= Beginning of Section =

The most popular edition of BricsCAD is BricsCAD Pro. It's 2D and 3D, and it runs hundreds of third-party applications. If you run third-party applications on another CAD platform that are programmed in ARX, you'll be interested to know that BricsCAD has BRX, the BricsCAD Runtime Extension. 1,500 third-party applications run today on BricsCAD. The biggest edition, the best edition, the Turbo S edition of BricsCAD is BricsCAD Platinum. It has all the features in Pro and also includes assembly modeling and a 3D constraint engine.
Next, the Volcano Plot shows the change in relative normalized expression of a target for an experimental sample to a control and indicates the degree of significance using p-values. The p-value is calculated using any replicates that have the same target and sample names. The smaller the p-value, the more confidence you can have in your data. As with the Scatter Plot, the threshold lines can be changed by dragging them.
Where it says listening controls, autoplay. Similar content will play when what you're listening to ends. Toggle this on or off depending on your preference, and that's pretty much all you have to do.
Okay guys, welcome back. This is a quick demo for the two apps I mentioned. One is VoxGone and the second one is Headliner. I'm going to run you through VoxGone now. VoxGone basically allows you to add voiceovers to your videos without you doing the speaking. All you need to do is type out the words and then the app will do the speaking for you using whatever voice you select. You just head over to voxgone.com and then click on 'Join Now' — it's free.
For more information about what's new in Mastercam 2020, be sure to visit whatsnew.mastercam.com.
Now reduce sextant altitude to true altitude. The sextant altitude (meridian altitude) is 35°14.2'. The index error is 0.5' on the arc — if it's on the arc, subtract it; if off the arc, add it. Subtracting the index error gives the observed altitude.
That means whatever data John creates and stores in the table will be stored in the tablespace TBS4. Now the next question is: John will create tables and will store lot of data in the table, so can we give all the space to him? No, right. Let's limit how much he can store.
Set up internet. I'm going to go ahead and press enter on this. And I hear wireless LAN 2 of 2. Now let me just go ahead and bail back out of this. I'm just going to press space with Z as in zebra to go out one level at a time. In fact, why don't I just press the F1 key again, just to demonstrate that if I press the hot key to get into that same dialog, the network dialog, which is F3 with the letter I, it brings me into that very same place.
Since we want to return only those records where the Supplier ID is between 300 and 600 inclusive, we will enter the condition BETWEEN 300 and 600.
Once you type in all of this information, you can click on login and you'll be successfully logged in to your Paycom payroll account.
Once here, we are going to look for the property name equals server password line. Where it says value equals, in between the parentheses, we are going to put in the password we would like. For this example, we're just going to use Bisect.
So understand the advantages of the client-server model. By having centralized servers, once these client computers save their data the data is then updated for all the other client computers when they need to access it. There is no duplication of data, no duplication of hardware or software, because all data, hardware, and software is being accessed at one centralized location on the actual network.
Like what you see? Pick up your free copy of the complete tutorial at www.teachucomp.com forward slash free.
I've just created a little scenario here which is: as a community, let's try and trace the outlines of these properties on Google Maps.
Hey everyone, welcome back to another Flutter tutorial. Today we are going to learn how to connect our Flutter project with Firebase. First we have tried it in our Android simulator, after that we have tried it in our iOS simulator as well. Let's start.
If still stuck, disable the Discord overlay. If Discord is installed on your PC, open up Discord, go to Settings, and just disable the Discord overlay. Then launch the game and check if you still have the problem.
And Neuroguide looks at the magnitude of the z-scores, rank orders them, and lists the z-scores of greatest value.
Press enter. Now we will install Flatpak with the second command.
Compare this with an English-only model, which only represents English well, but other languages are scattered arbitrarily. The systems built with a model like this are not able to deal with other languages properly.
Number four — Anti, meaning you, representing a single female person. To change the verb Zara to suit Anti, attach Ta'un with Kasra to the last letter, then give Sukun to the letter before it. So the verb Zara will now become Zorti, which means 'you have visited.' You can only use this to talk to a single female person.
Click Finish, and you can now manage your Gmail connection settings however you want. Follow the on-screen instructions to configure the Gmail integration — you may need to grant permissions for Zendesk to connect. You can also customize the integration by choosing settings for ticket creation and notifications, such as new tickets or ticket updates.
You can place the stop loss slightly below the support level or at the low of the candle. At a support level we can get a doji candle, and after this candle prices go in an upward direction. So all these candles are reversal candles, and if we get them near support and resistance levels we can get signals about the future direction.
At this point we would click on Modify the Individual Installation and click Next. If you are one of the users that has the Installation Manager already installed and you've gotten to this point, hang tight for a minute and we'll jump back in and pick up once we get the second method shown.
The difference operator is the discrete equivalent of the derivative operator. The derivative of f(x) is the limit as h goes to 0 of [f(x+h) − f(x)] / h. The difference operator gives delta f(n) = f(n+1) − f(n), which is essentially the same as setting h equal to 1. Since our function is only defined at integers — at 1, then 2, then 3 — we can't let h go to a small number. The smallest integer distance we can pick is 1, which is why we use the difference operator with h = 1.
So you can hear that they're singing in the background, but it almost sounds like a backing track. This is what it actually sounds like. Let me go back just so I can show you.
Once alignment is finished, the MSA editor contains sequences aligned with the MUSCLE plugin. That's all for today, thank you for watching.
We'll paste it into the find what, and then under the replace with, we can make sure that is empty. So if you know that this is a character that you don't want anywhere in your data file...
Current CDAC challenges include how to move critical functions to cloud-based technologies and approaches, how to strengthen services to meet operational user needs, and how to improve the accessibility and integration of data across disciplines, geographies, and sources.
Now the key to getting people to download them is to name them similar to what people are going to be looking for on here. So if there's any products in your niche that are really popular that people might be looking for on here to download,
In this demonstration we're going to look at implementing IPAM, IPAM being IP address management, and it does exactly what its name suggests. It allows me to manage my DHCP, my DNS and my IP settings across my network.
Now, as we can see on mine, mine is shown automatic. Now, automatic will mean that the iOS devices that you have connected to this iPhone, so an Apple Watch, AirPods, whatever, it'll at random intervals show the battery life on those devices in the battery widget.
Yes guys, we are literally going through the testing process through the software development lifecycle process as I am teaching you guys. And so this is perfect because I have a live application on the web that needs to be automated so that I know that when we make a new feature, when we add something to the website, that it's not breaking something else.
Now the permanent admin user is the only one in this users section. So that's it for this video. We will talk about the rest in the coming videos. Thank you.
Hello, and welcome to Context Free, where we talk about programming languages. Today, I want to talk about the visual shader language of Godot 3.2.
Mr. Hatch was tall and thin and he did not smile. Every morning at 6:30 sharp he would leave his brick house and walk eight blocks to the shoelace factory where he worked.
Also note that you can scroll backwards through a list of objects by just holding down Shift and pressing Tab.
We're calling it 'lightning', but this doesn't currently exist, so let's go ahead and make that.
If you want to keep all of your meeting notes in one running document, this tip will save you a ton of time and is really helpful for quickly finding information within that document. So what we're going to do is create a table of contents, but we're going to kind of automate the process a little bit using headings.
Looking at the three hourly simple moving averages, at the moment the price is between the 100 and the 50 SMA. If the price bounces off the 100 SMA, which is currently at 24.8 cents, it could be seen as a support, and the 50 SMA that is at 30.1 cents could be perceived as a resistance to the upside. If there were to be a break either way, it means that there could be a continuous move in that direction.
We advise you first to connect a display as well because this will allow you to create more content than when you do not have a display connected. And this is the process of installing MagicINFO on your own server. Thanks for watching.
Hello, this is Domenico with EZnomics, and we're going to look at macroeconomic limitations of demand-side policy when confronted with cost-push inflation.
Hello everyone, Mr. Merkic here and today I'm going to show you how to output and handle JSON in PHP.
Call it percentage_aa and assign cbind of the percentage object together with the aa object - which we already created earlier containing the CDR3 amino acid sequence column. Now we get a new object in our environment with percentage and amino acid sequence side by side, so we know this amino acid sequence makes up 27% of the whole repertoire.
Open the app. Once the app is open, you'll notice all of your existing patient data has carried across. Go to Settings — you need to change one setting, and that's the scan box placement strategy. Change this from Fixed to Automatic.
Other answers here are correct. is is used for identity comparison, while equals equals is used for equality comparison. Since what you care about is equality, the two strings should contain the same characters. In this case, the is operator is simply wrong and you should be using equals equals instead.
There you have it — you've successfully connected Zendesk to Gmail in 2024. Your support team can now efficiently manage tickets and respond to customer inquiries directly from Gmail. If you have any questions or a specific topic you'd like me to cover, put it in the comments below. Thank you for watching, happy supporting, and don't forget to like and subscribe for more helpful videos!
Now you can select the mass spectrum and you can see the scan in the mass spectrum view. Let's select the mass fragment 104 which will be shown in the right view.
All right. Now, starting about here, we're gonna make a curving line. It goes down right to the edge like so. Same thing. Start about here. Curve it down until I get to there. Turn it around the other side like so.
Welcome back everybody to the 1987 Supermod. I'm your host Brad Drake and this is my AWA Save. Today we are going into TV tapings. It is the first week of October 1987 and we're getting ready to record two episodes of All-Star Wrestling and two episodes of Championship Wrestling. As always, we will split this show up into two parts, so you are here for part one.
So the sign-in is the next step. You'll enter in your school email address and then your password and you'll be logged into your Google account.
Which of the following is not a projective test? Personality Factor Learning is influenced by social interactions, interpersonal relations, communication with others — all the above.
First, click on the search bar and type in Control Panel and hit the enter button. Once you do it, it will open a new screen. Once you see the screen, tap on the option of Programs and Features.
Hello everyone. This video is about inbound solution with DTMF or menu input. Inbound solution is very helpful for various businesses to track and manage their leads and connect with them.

= End of Section =

# WORK REQUIRED
From the records above, pull every line that has the string "needs" and copy it.

# TASK RESULT
Current CDAC challenges include how to move critical functions to cloud-based technologies and approaches, how to strengthen services to meet operational user needs, and how to improve the accessibility and integration of data across disciplines, geographies, and sources.
Yes guys, we are literally going through the testing process through the software development lifecycle process as I am teaching you guys. And so this is perfect because I have a live application on the web that needs to be automated so that I know that when we make a new feature, when we add something to the website, that it's not breaking something else.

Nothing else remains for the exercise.